Competing user interface concepts
The completeness of the voice interaction may
get lost, to some degree, on the myTouch 3G Slide, with its many features to
make using typing easier (with a slide-out keyboard as well as a touch-screen
keyboard with the Swype fast-typing application pre-loaded, see figure at the
end of the article). Other features, as discussed below, make touch-screen navigation
easier. If the device had less features to overcome the limitations of the
small screen and features a text box as the central navigation feature, then an
emphasis on “say or type what you want” would allow the speech features to be
more central to the device. In a potentially confusing option, as with any
Android phone, one can put a One-Touch Google Search widget on the home
screen that supports voice or text search, with the voice search using Google
speech technology in the network.
The issue is illustrated by the T-Mobile press
release, which features the Genius button as the third of three features
highlighted, after the Faves Gallery and myModes. The Faves Gallery allows
communicating more easily with the people you communicate with most, with quick
access and automatic updates to alternative modes of communicating with those
people. The myModes feature allows one to have different highly customizable
home screens for different uses of the phone, most obviously, work and
personal. These screens can change modes based on pre-set times or locations
(or manually). This task-oriented approach (where several related programs can
be activated from one tile based, e.g., on a contact rather than a function)
differs from the iPhone (which basically has an application focus, navigate to
a specific app before you do anything), and is more similar to the approach
Microsoft is using in its upcoming Windows Phone 7 mobile phone operating
system. The Swype fast-typing mode, is
another touch-oriented feature competing with the voice interface. (This
application isn’t from Nuance, but they have a similar application that uses
their T9 predictive-text technology in part.)

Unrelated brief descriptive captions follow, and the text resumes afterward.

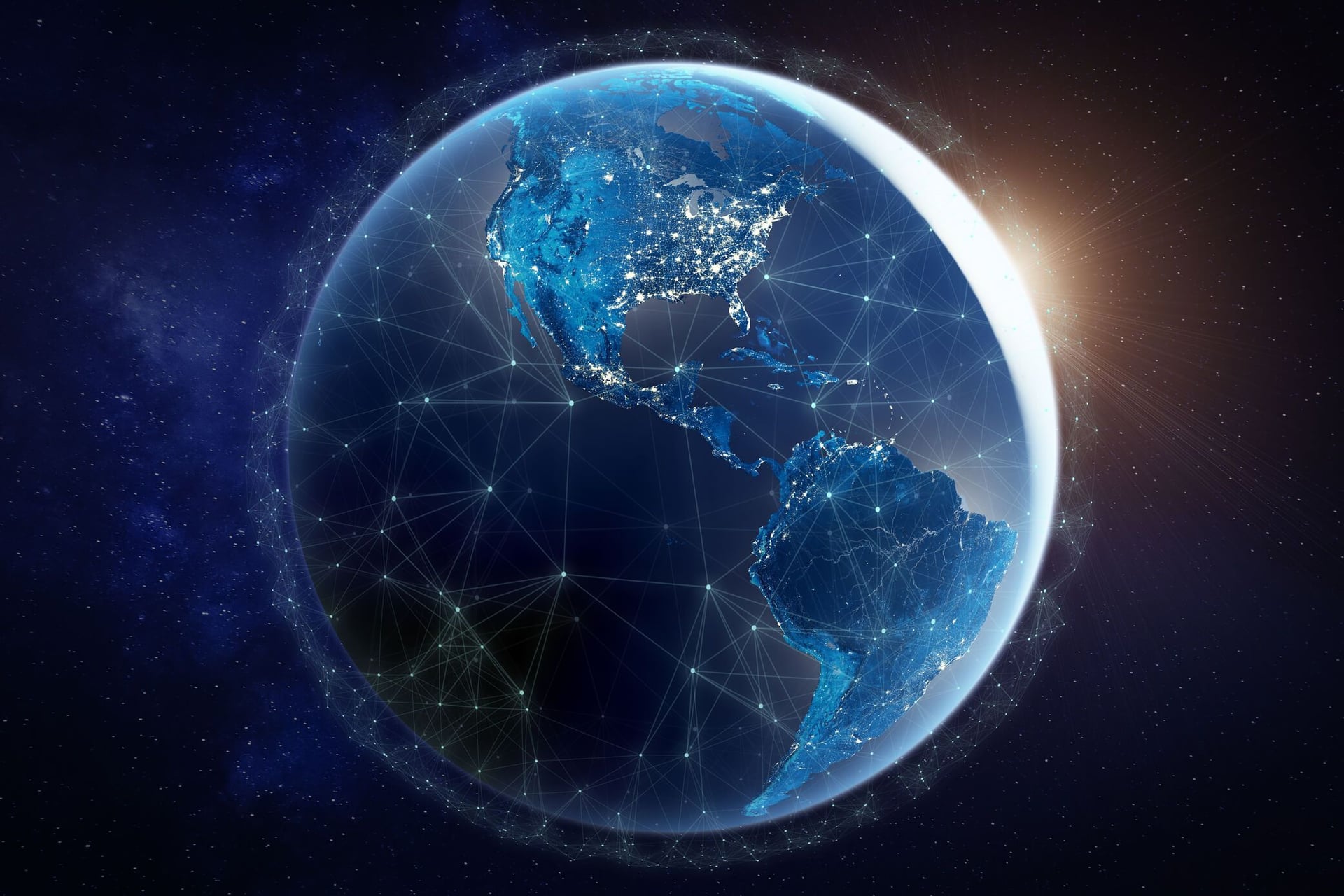 World with a neural networking dome representing easly intercommunication with every country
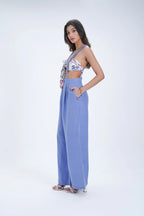 Pantalon en lin à bretelles larges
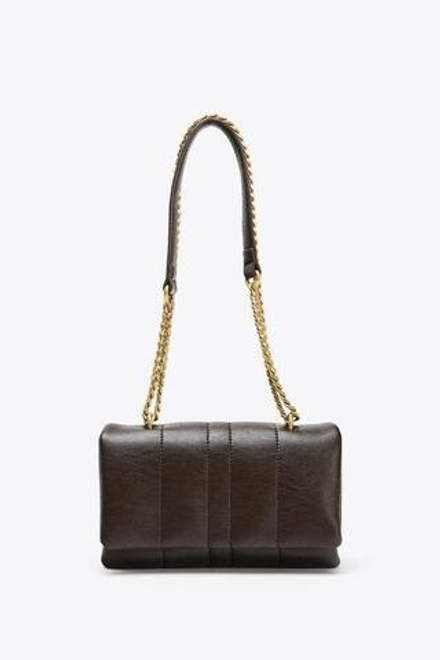 ZARA СТЕГАНАЯ МИНИ-СУМКА ЧЕРЕЗ ПЛЕЧО, ШОКОЛАДНЫЙ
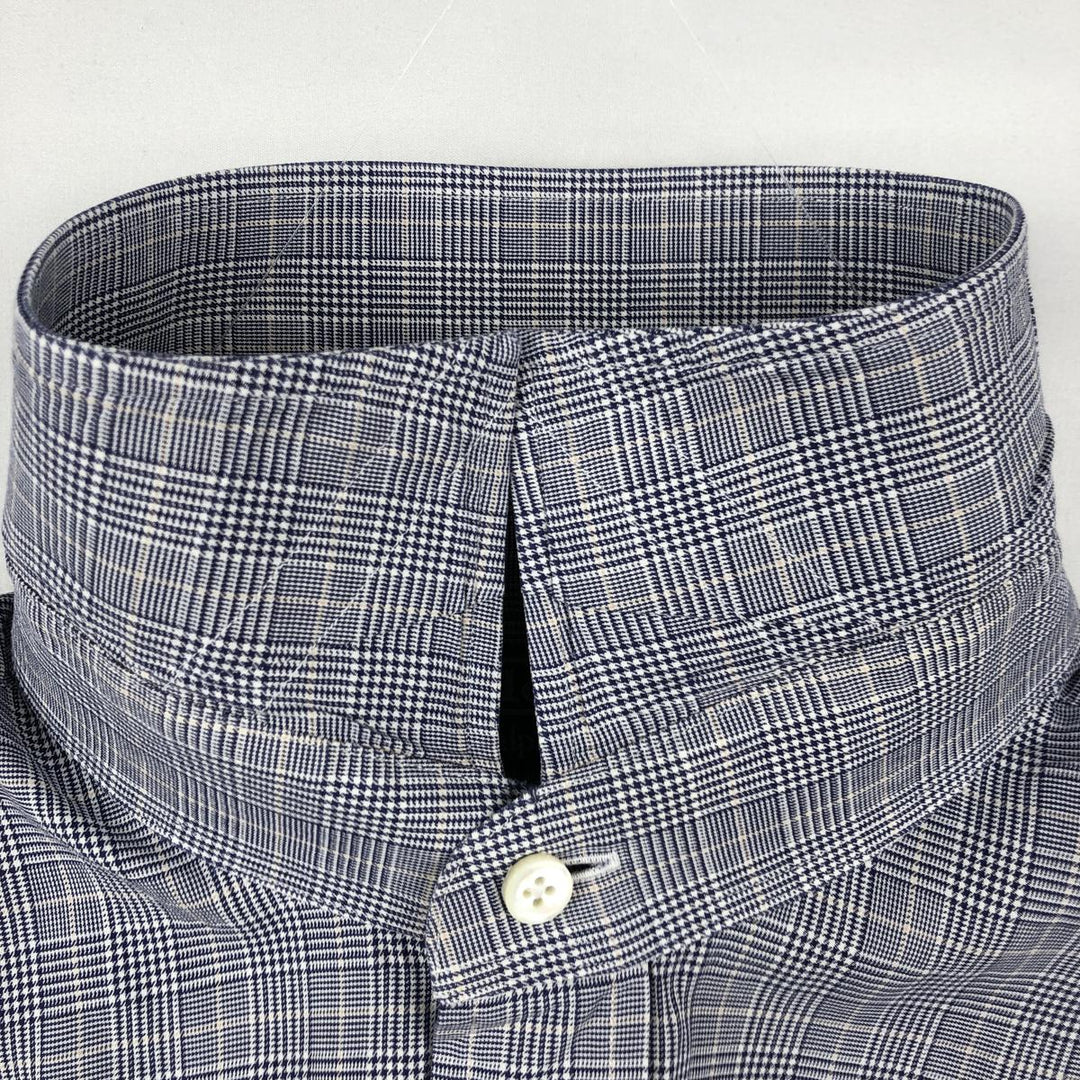 Ralph Lauren POLO by Ralph Lauren REGENT Glen Plaid Long-Sleeve Cotton Check Shirt, Men's Size XL (approx.) cotton navy blue type Vintage Second Hand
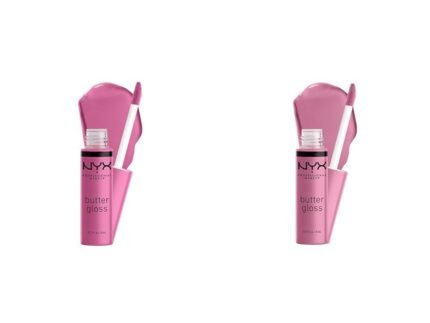 NYX Butter Gloss Non-Sticky Lip Gloss Merengue (Pink Lilac) & Eclair (Pink) Bundle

In summary, most reviews will probably focus on
these Graphical User Interface variations, treating the voice features as a
secondary hands-free option. Nuance offers the voice interface as a general
offering called Nuance Voice Control
2.0 (which integrates embedded and network-based recognition as well as
text-to-speech for message reading), so we may see simpler phones adopt the
solution, where it will be more clearly dominant.
Nuance
Voice Control is a hosted solution that utilizes Nuance VSuite as an embedded
client solution. VSuite includes features such as voice dialing and is
available separately for all feature phone and smartphone platforms; it is
already utilized by most device manufacturers and many mobile operators.